## The task
Write out, word for word and with no pictures, each line below from the one containing "Hamilton Khaki Field Quartz 33mm H69301910" through the one containing "Кроссовки Gabor Women's", both included, and no other line.

[Opening Supplied records section]

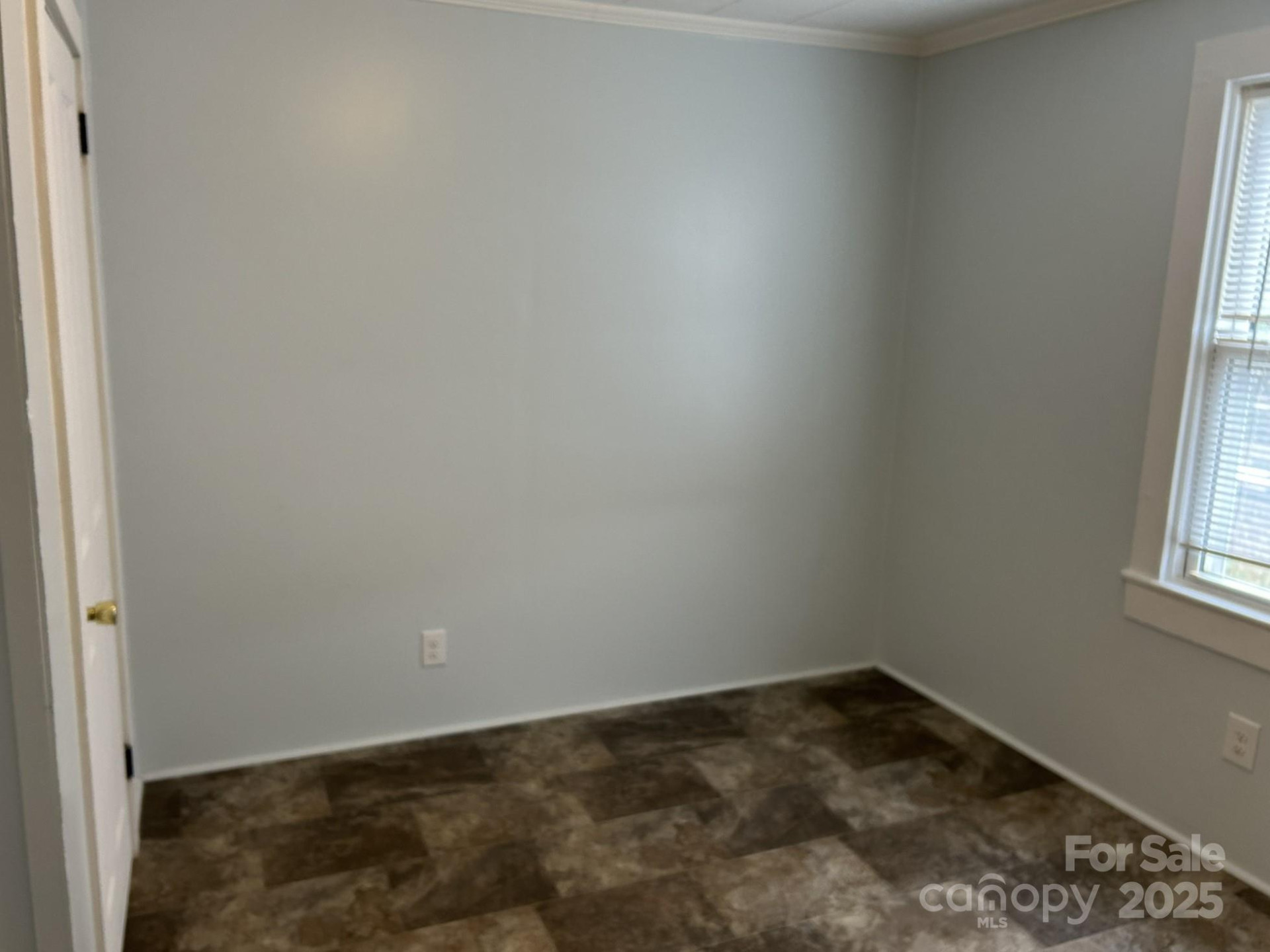 153 Autumn Lane - Photo 15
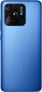 Фото #3 товара Xiaomi Redmi 10C, 17 cm (6.71"), 3 GB, 64 GB, 50 MP, Android 11, Blue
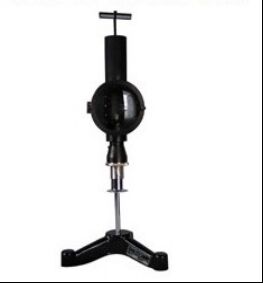 Últimas noticias de la empresa sobre Método de ensayo para el punto de humo del queroseno de la lámpara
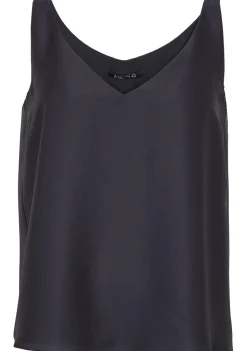 SWING TOP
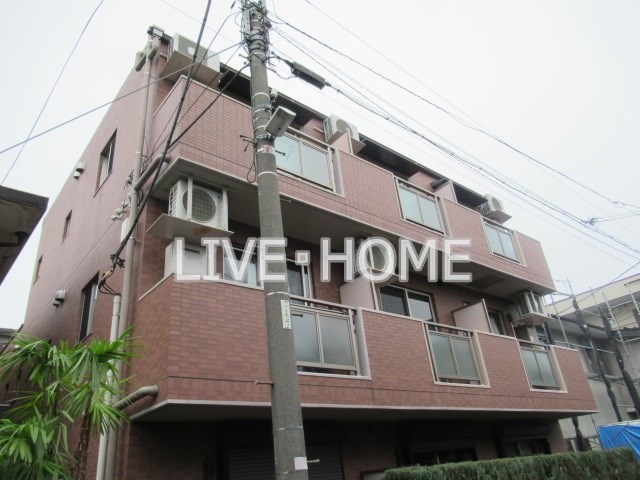 その他外観2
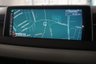 USED 2014 14 BMW X5 3.0 M50d SUV 5dr Diesel Auto xDrive Euro 6 (s/s) (381 ps)GLOSS BLACK ALLOY WHEELS-MAGNIFICENT EXAMPLE-ALPINE WHITE WITH HEATED BLACK DAKOTA LEATHER-XENON HEADLIGHTS-REVERSE CAMERA-DUAL CLIMATE CONTROL-CRUISE CONTROL-DAB RADIO-SATNAV-BLUETOOTH-LED FOGLIGHTS-TOP SPECIFICATION 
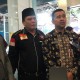 SPSI Riau Dukung UMKM Lewat Pameran di Pusat Belanja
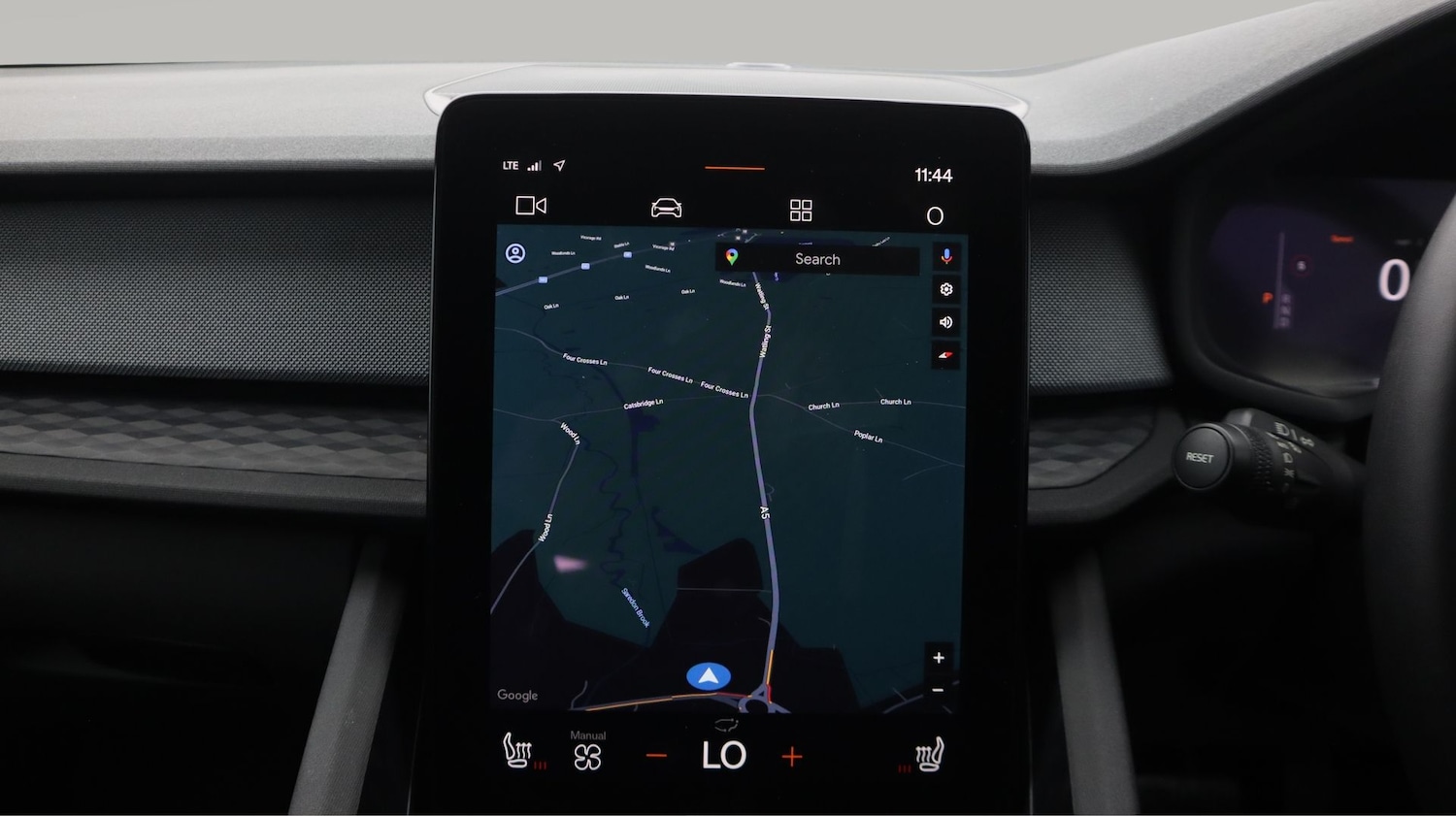 Used Polestar Polestar 2 for sale - 78108965: Photo 11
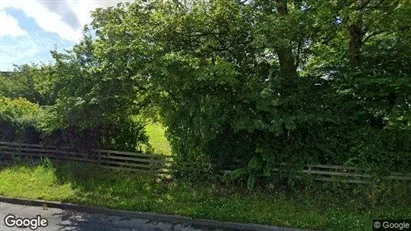 Lokaler til salg i Viby J - Foto fra Google Street View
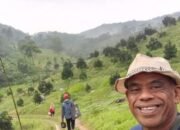 Sudah Saatnya 20 Desember 1948 Berdiri Sejajar Dengan 17 Agustus 1945 Sebagai Hari Peringatan Nasional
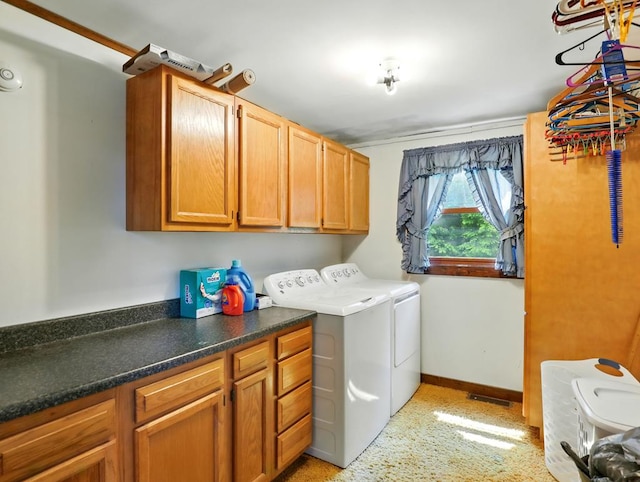 1751 Douglas Rd, Troy, PA 16947 - photo 49
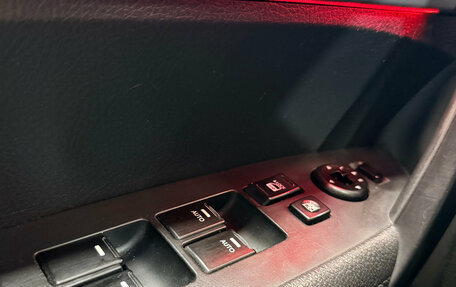 KIA Sorento II рестайлинг, 2014 год, 1 889 000 рублей, 10 фотография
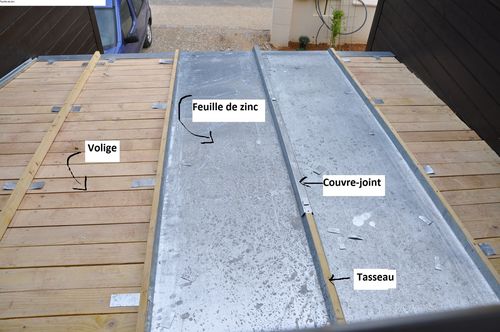 Materiaux bricolage maison prix materiaux travaux décoration outillage moins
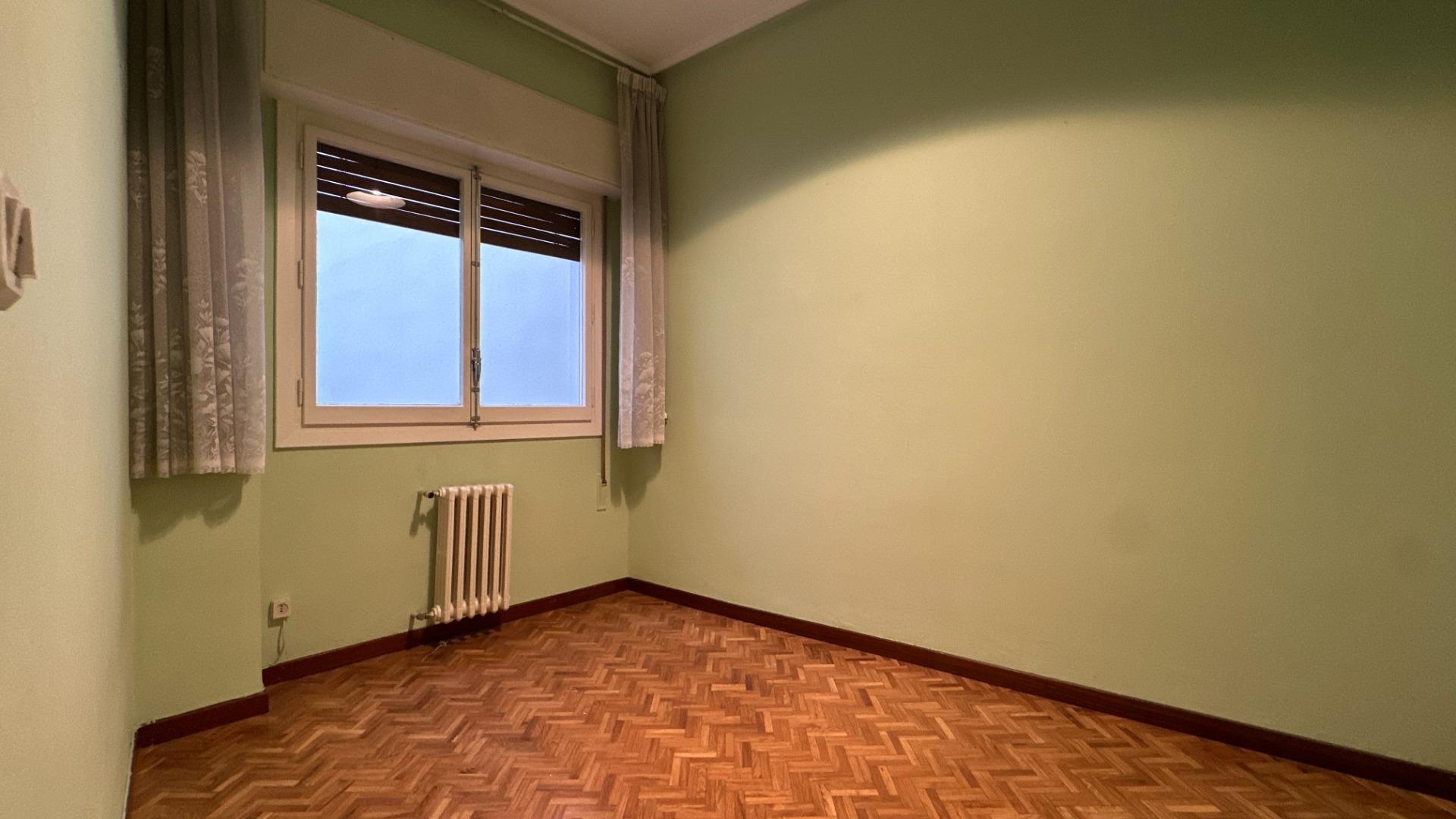 Pisos-Venta-Zaragoza-2426875-Foto-44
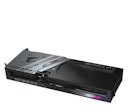 Gigabyte GeForce RTX 5060 Ti AORUS Elite 16GB GDDR7 DLSS4
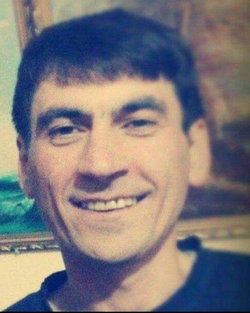 Ömer
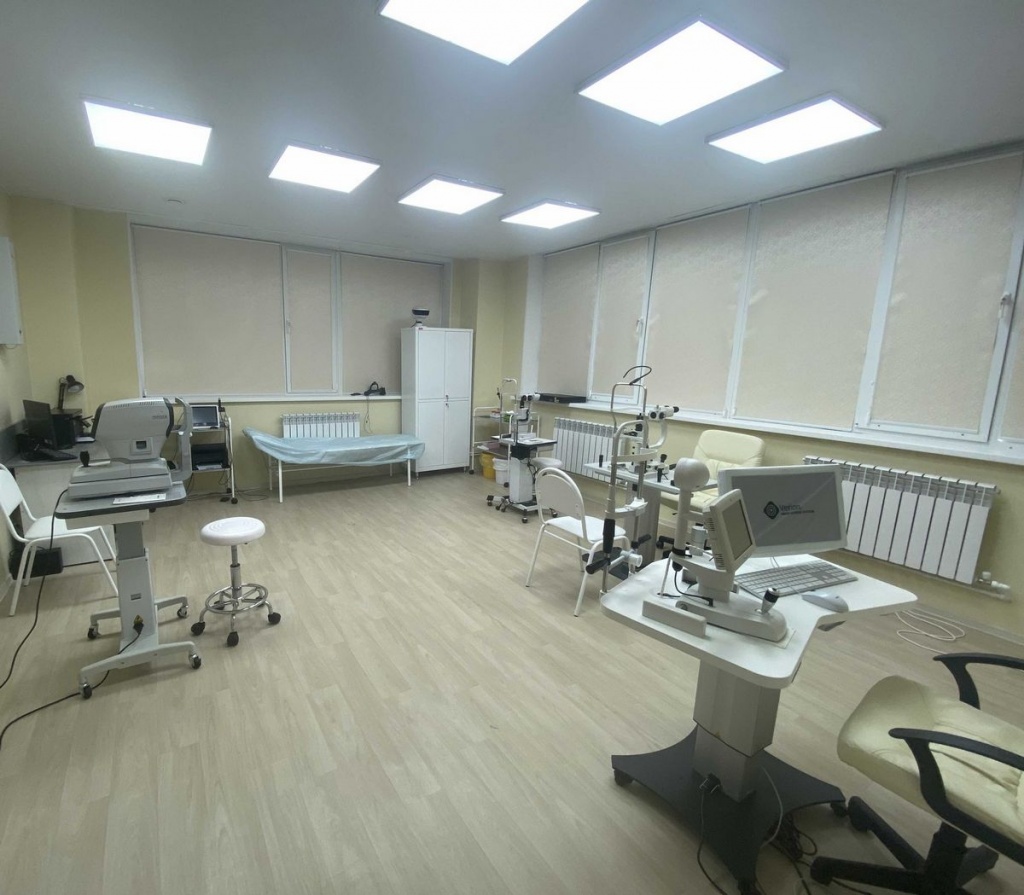 диаг.каб. офт.отд 2.jpg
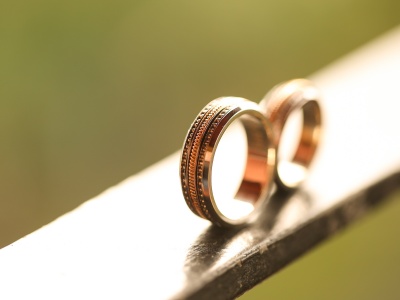 复婚证和结婚证一样吗 证上有复婚二字吗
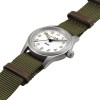 Hamilton Khaki Field Quartz 33mm H69301910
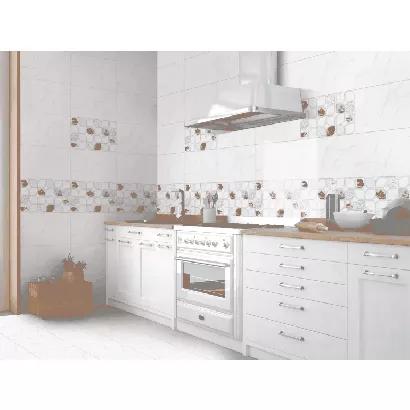  Tiles for Kitchen Tiles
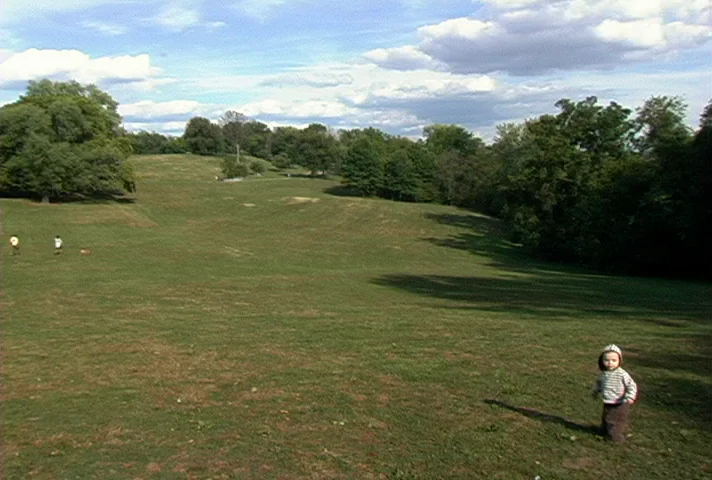 distance_park_still_01.jpg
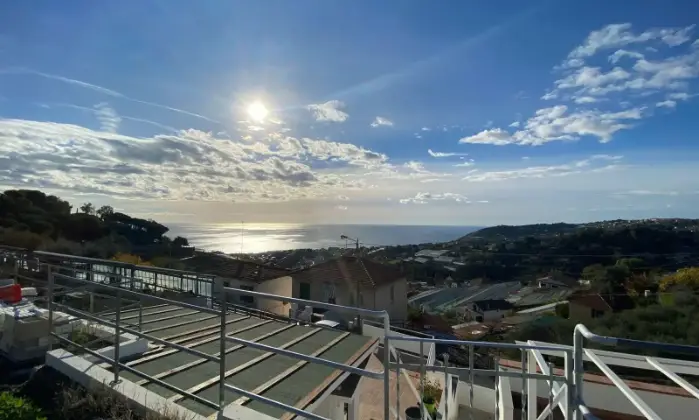 Rexer-Sanremo-Villa-Casa-indipendente-in-Via-Gabriele-DAnnunzio-Sanremo-Altro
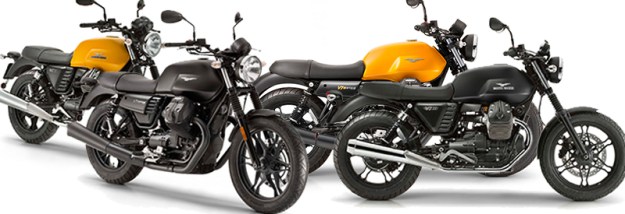 v7ii-o-v7iii-moto-guzzi-opiniones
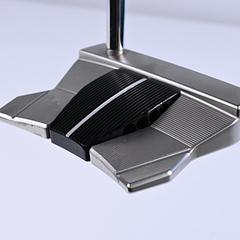 Scotty Cameron Phantom X 11 2019 Putter / 34 Inch - Image 5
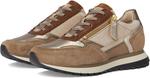 Кроссовки Gabor Women's 76.378.82, Beige - фото
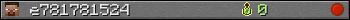e781781524 userbar 350x20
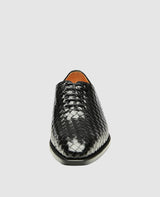 No. 360 - Black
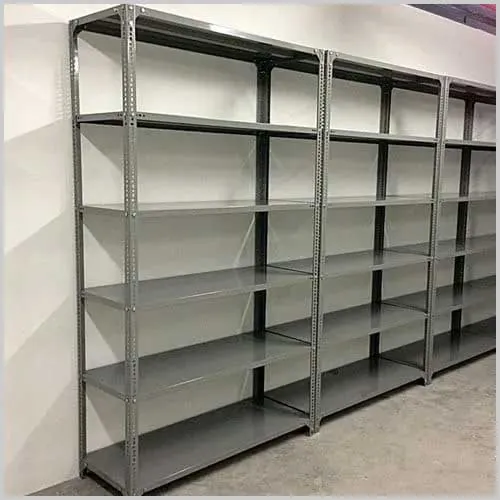 heavy-duty-storage-rack-mumbai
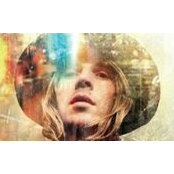 Tyler Durham's photo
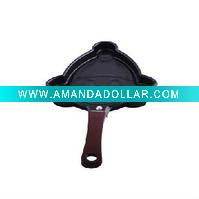 Wholesale fry pans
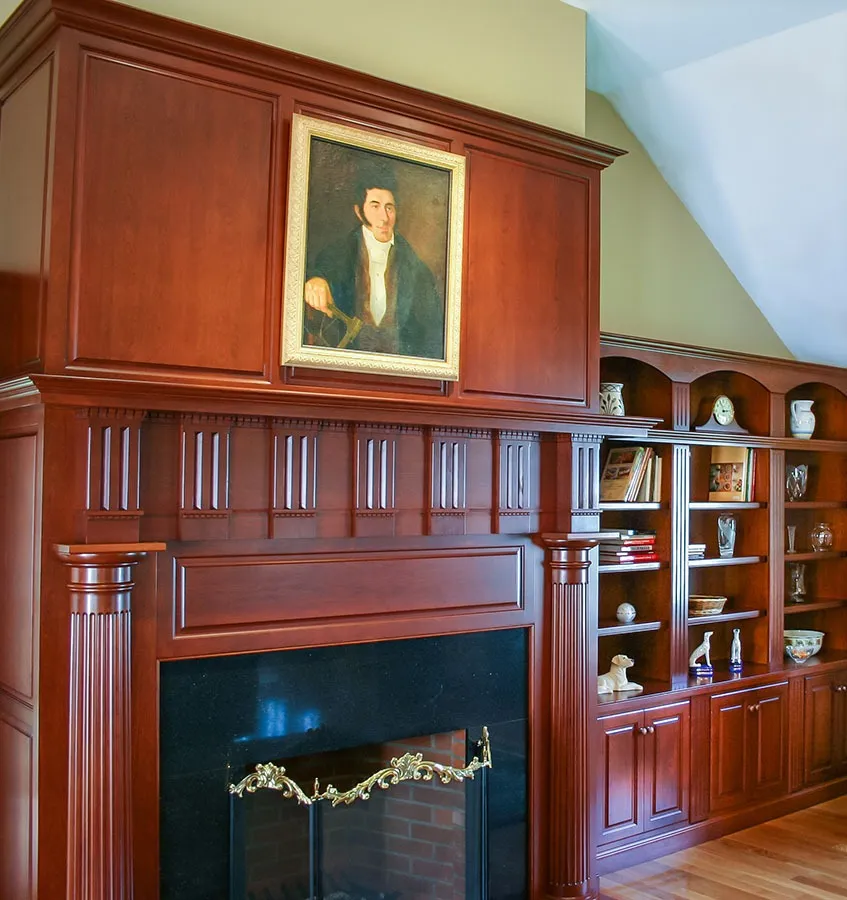 imgi_174_fireplace-mantle-westford-ma_result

[Closing Supplied records section]

## Written solution
 Hamilton Khaki Field Quartz 33mm H69301910
  Tiles for Kitchen Tiles
 distance_park_still_01.jpg
 Rexer-Sanremo-Villa-Casa-indipendente-in-Via-Gabriele-DAnnunzio-Sanremo-Altro
 v7ii-o-v7iii-moto-guzzi-opiniones
 Scotty Cameron Phantom X 11 2019 Putter / 34 Inch - Image 5
 Кроссовки Gabor Women's 76.378.82, Beige - фото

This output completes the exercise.